Here is a quick rundown of the features:
- ATI RADEON X1950PRO Visual Processing Unit at 575MHz
- Oversized Active Fansink
- Single Slot Solution
- Dual Link DVI x2
- 256MB GDDR3 Memory @ 1.38 GHz/ 1380 MHz
- 256-bit memory interface
- 512-bit ring bus controller
- AGP 8x
- 80 nanometer GPU (RV570XT)
- Ultra threaded core 3D architecture
- Avivo display enhancement technology
- Shader model 3.0
- DUAL DVI-I
- Component HDTV YPbPr Output
- S-Video and Composite Video TV-Out
First impressions of the card once unpacked was that the card is pretty heavy. In fact I’ve reviewed dozens of video cards over the years, and this is likely the heaviest one I’ve encountered. This is in no small part due to the oversized fully copper heatsink mounted onto the board. More on the cooling solution later.
On top of the weight, I’ve noticed the card is pretty long, and some people may have difficulties sliding it into their case.

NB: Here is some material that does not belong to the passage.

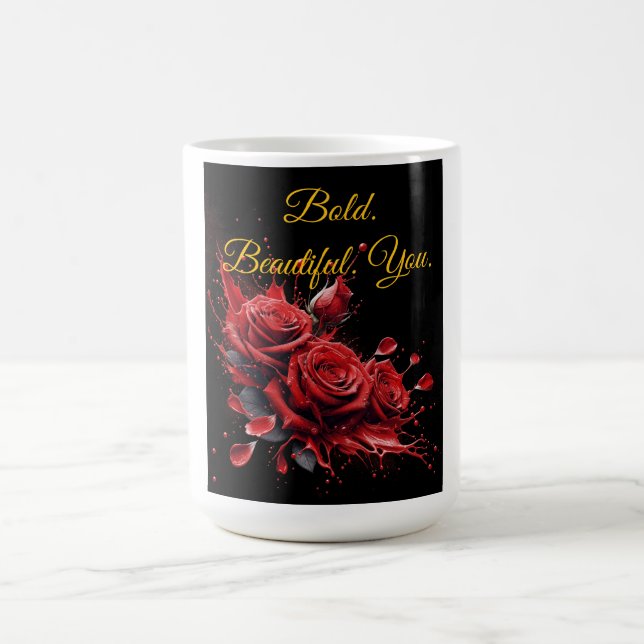 Taza De Café Rosas en flor - Cumpleaños elegante (Centro)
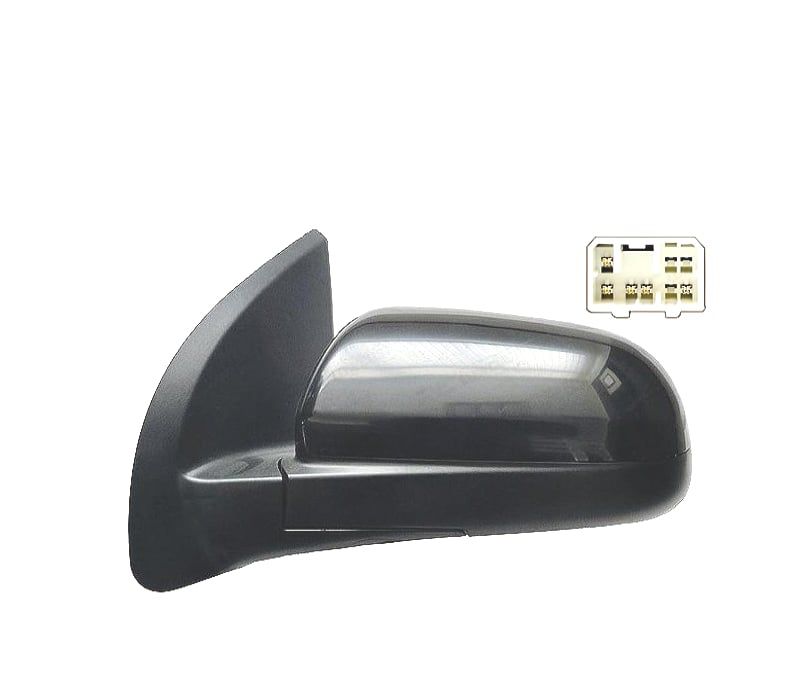 ESPELHO COMPLETO ESQUERDO CHEVROLET AVEO 06-11 ELÉTRICO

You may have to move wires, and in some cases, locations of your hard drive(s). If you’d like to be sure, you’ll need 9 inches (9″) of length in your case.
I was also glad to see it is a single slot solution, rather than taking up two slots in your case. It has two DVI-I ports, but don’t worry if you still use VGA, it comes with a DVI-to-VGA converter. Thrown into the mix is an adapter for component HDTV hookup, so you can plug it into a HDTV for high definition 1080p love.
Finally there’s a 6-pin power connector, so you can use any spare cord from the power supply to power this card. Just make sure you have a 450w power supply or better (18a on the 12v rail at the minimum.)
One of the features of this card is called AVIVO, a video platform by ATI that enhances video capabilities. It allows for the hardware on the video card to encode and decode H.264 formatted video (Blu-ray and HD-DVD both support this format), which allows for smooth display of high definition content. Since it is done on the GPU, it aids the decoding of supported formats/codecs, thus lowering CPU usage. This is especially useful for media PC’s.